Transcribe the line holding "Starbucks Buffalo Plaid" together with every line after it, through the end of the records, exactly and with no pictures.

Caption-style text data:
>>

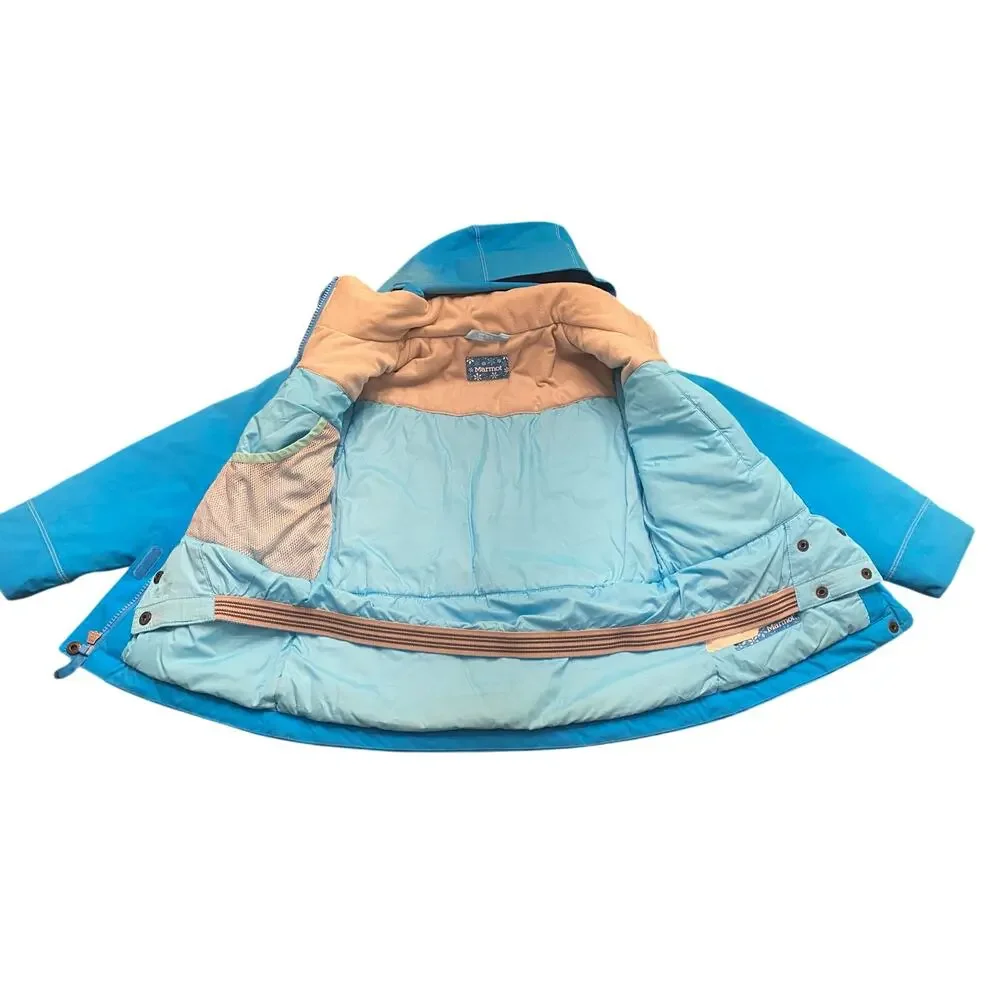 Marmot Girls Gravity Jacket Small Blue Hooded Insulated Ski Snow Coat Waterproof
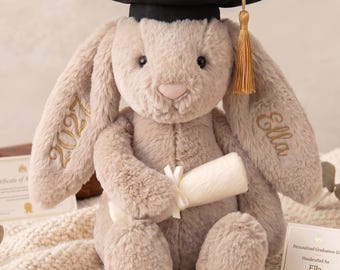 Personalisiertes Geschenk zur Promotion: Braunes Hasen-Plüschtier mit Namen, Erinnerungsstück zum Studienabschluss, süßer Hase für sie, Abschlussjahrgang 2026, Geschenk für Hochschulabsolventen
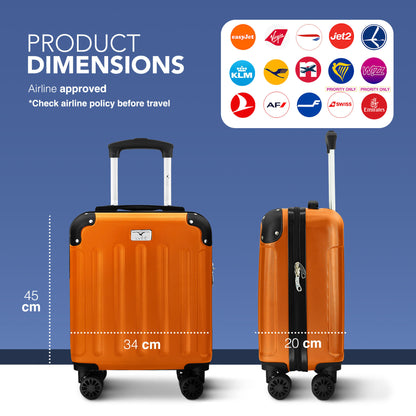 LUGG Skywander 15 Inch (45x34x20cm) Lightweight Underseat Cabin Bag EasyJet Approved Carry-On Suitcase, Durable ABS Hard Shell, Smooth Double Spinner Wheels, Water Resistant & Compact Travel Luggage (45x34x20cm)
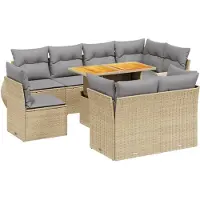 vidaXL 9-tlg. Garten-Sofagarnitur mit Kissen Beige Poly Rattan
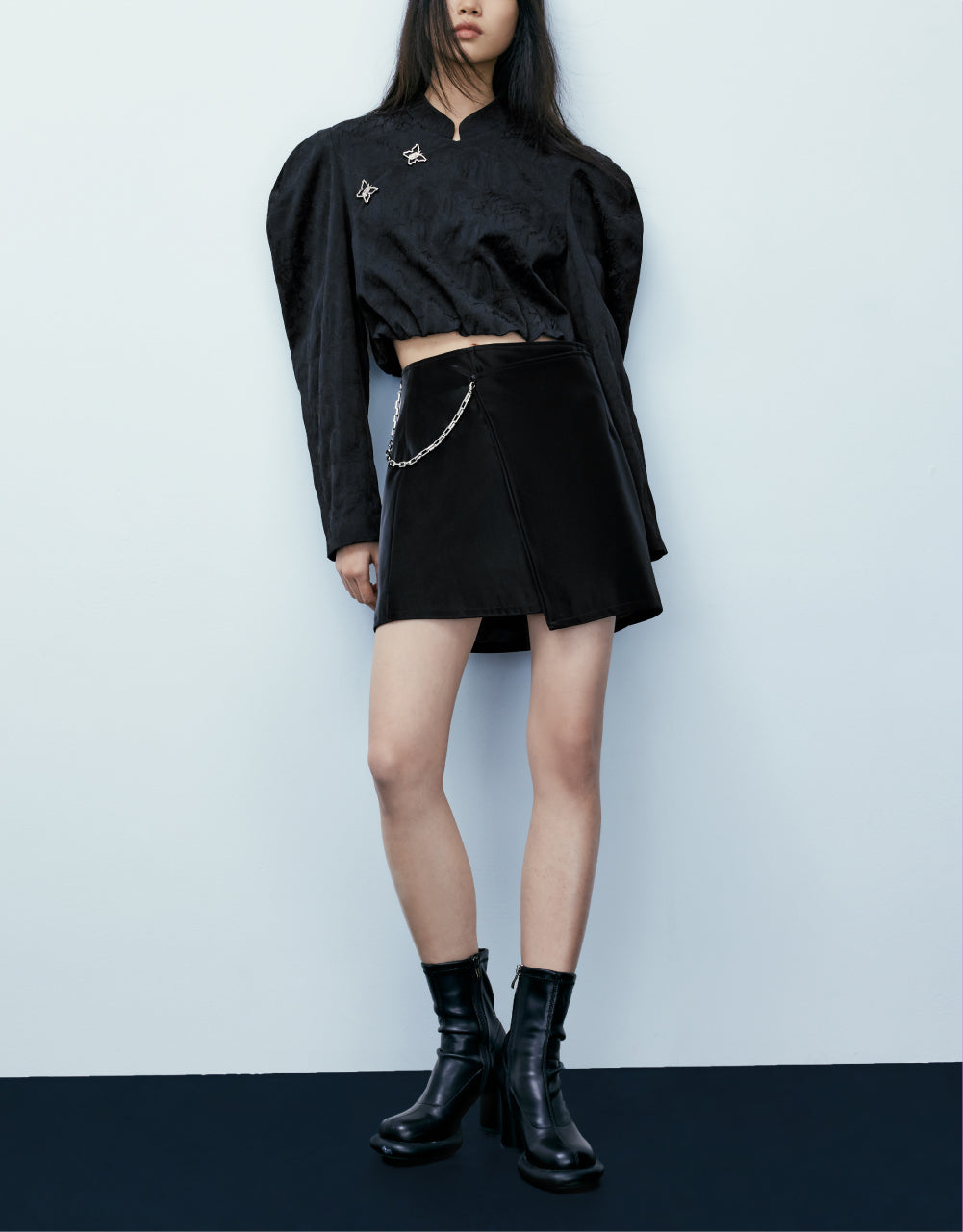 Vegan Leather Wrap Mini Skirt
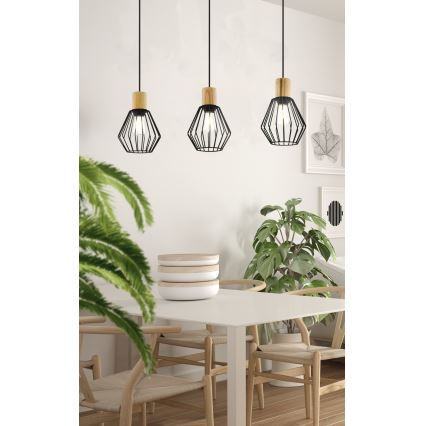Eglo - Żyrandol na lince 3xE27/60W/230V - certyfikat FSC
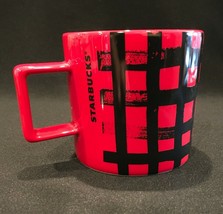 Starbucks Buffalo Plaid Square Handle Red &amp; Black 14oz. Coffee Mug 2016 - $18.99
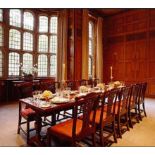 A pair of Italian design large size mahogany topped refectory tables, late 19th/early 20th Century,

<<

ANSWER BELOW:
 Starbucks Buffalo Plaid Square Handle Red &amp; Black 14oz. Coffee Mug 2016 - $18.99
 A pair of Italian design large size mahogany topped refectory tables, late 19th/early 20th Century,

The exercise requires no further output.